The survey finds that most agree it's possible to be friends with an ex. It didn't specify a spouse or a relationship, but 56% say they're friends with one or more of my exes; 22% say it's possible, but they aren't friends with an ex; 15% say they don't believe it's possible; and 7% don't have any exes.

Orbuch says her earlier research has shown that most people do say they are friends with an ex.

"For many people, it could be 'friendly' - I'm not ready to tear his or her eyes out, but does it mean I'm going to movies or hanging out with them? Probably not I would argue," she says.

The survey also asked whether respondents want to marry at this stage of life. The reaction was split - tipping slightly toward the altar, with 51% wanting to marry and 49% against it. Among women, 52% want to marry. Among men, 52% don't.

Debra Stevenson, 60, of Los Angeles, is divorced and unsure about marriage.

"I'm looking for a partnership," she syas. "If it ends up in marriage, that's a possibility. I haven't had the experience of a really good marriage and I'd like to have a chance to have a good relationship."

Stevenson was among the survey respondents who believe that finding someone the same age or 1-5 years younger works best. Of the participants, 15% wanted someone the same ago and 26% were looking for a partner 1-5 years younger. Although one-quarter of the respondents didn't care about age, Stevenson, founder of an event marking and consulting company, says she has noticed definite differences.

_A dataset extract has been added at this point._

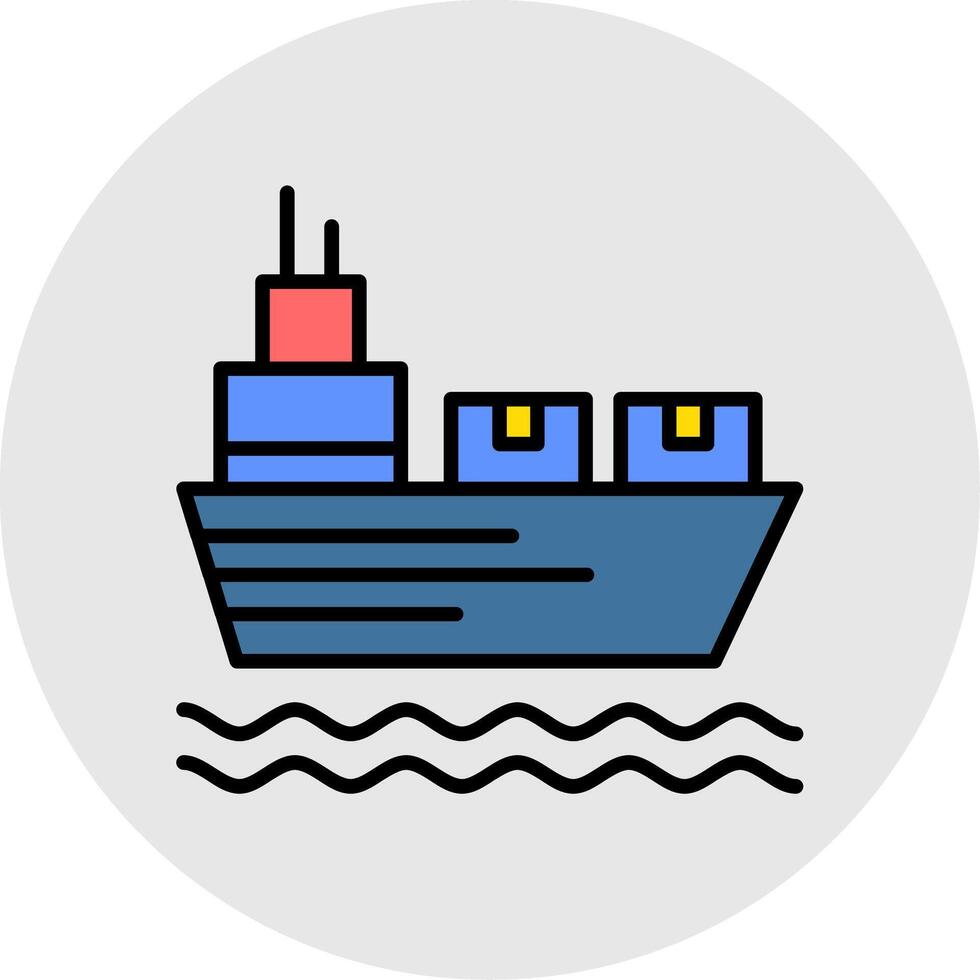 Shipping Line Filled Light Icon vector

"There seems to be a break around 63 or 64 that's generational," she says. "What I've found is I don't have as much in common with the people older than I am - everything from musical taste to activities to their view on the world."

As an over-50 single, Stevenson says dating is a lot different than when she was younger.

"We've figured out that we're living longer and we're more active," she says. "Hopefully most of us know a lot more about ourselves and potentially can be a better partner."